Tencent says its new Hunyuan-T1 model can go toe-to-toe with OpenAI's best reasoning systems.
Following the approach used for all large reasoning models, Tencent relied heavily on reinforcement learning during development, with 96.7 percent of post-training computing power focused on improving logical reasoning and alignment with human preferences.
On MMLU-PRO, which tests knowledge across 14 subject areas, Hunyuan-T1 scored 87.2 points, placing second behind OpenAI's o1. For scientific reasoning, it achieved 69.3 points on the GPQA-diamond test.
Tencent says the model particularly excels in math. It achieved 96.2 points on the MATH-500 benchmark, placing just behind Deepseek-R1. Additional strong performances include LiveCodeBench (64.9 points) and ArenaHard (91.9 points).

For training, Tencent implemented a curriculum learning approach, gradually increasing task difficulty.

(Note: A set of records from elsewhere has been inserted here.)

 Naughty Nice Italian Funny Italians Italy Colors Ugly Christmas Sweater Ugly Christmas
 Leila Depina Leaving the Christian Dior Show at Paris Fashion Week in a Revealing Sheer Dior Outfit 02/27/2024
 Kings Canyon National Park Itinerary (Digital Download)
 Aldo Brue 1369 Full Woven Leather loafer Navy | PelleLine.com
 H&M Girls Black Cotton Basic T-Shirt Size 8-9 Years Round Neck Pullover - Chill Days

The company also developed a self-reward system where earlier versions of the model evaluated newer versions' outputs to drive improvements.

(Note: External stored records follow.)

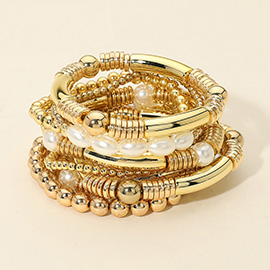 11PCS - Bold Pearl Metal Beaded Stretch Multi Layered Bracelets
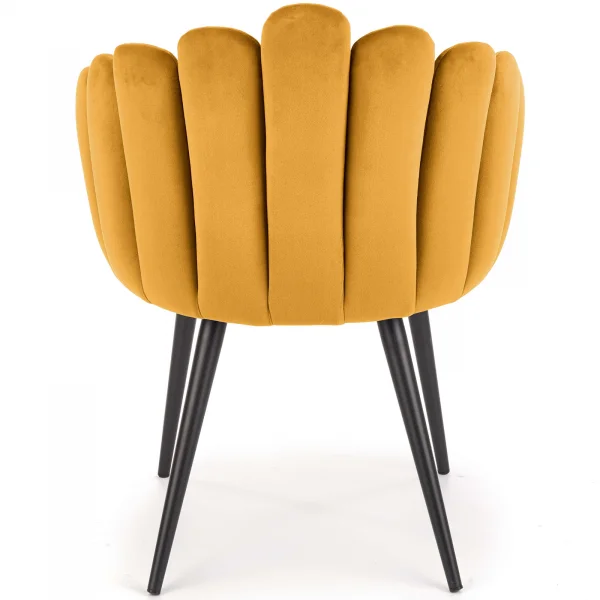 Sedia imbottita design moderno in velluto giallo senape Alessia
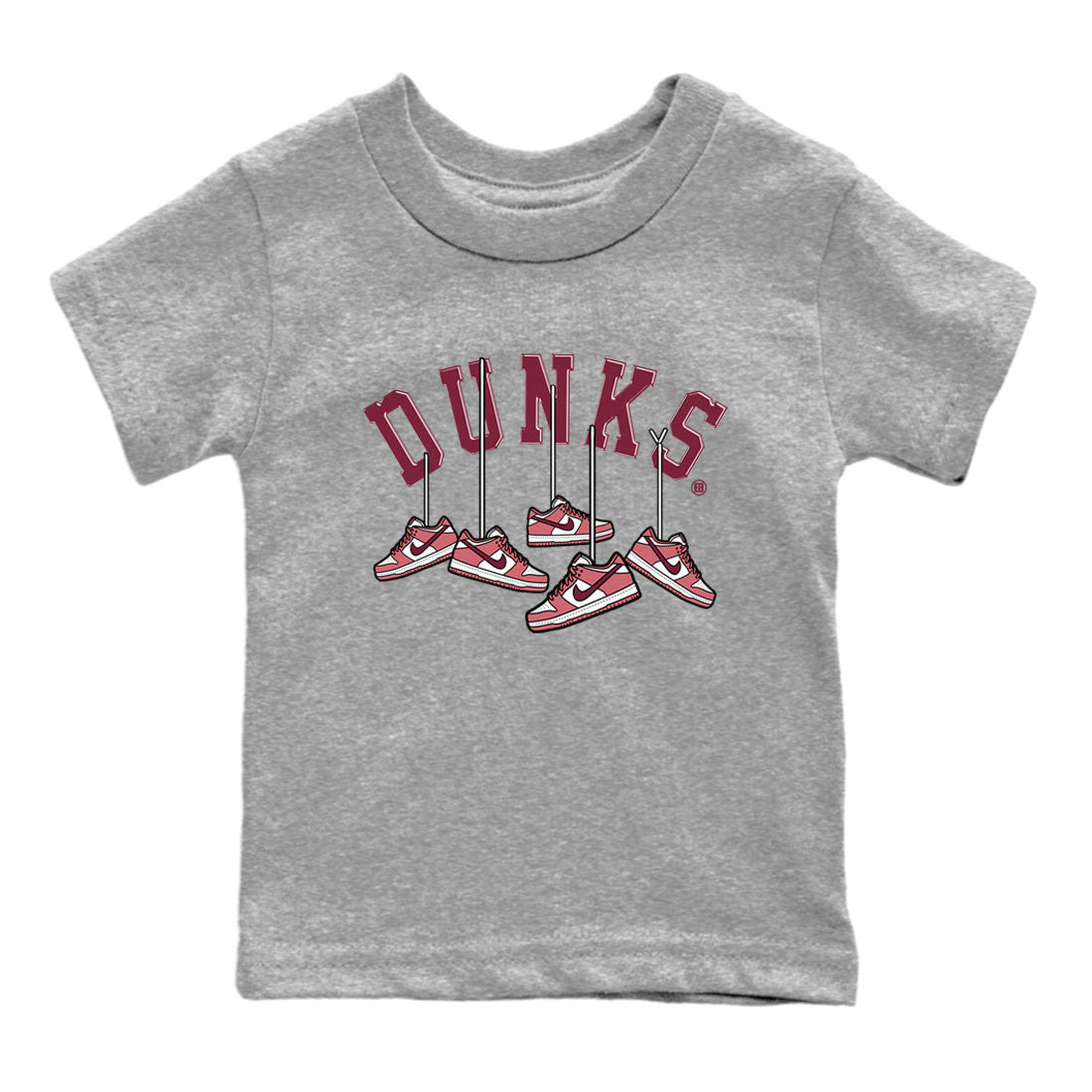 Dunks Valentines Day shirt to match jordans Hanging Sneakers sneaker tees Dunks Valentine's Day SNRT sneaker release tees baby toddler Heather Grey 2 cotton Shirt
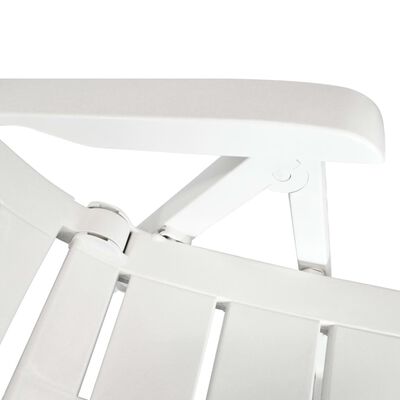 vidaXL Set mobilier de exterior, 11 piese, alb, plastic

The model uses the Transformer Mamba architecture, which Tencent says processes long texts twice as fast as conventional models under similar conditions. Hunyuan-T1 is available through the Tencent Cloud, with a demo available at Hugging Face.
This release follows Baidu's recent introduction of its own o1-level model, and Alibaba's before that. Alibaba, Baidu and Deepseek are all pursuing open-source strategies. AI investor and former Google China chief Kai-Fu Lee describes these developments as an existential threat to OpenAI.
Benchmarks are just that
As top models regularly achieve over 90 percent accuracy on standard tests, Google Deepmind has introduced a more challenging benchmark called BIG-Bench Extra Hard (BBEH). Even the best models struggle with this new test - OpenAI's top performer, o3-mini (high), achieved only 44.8 percent accuracy.
The more surprising result was that Deepseek-R1, despite its strong performance on other benchmarks, scored only around seven percent. This disparity shows that benchmark results don't tell the whole story and rarely reflect real-world performance, especially since some model teams optimize specifically for these tests. Some Chinese models have specific problems, such as inserting Chinese characters into English responses.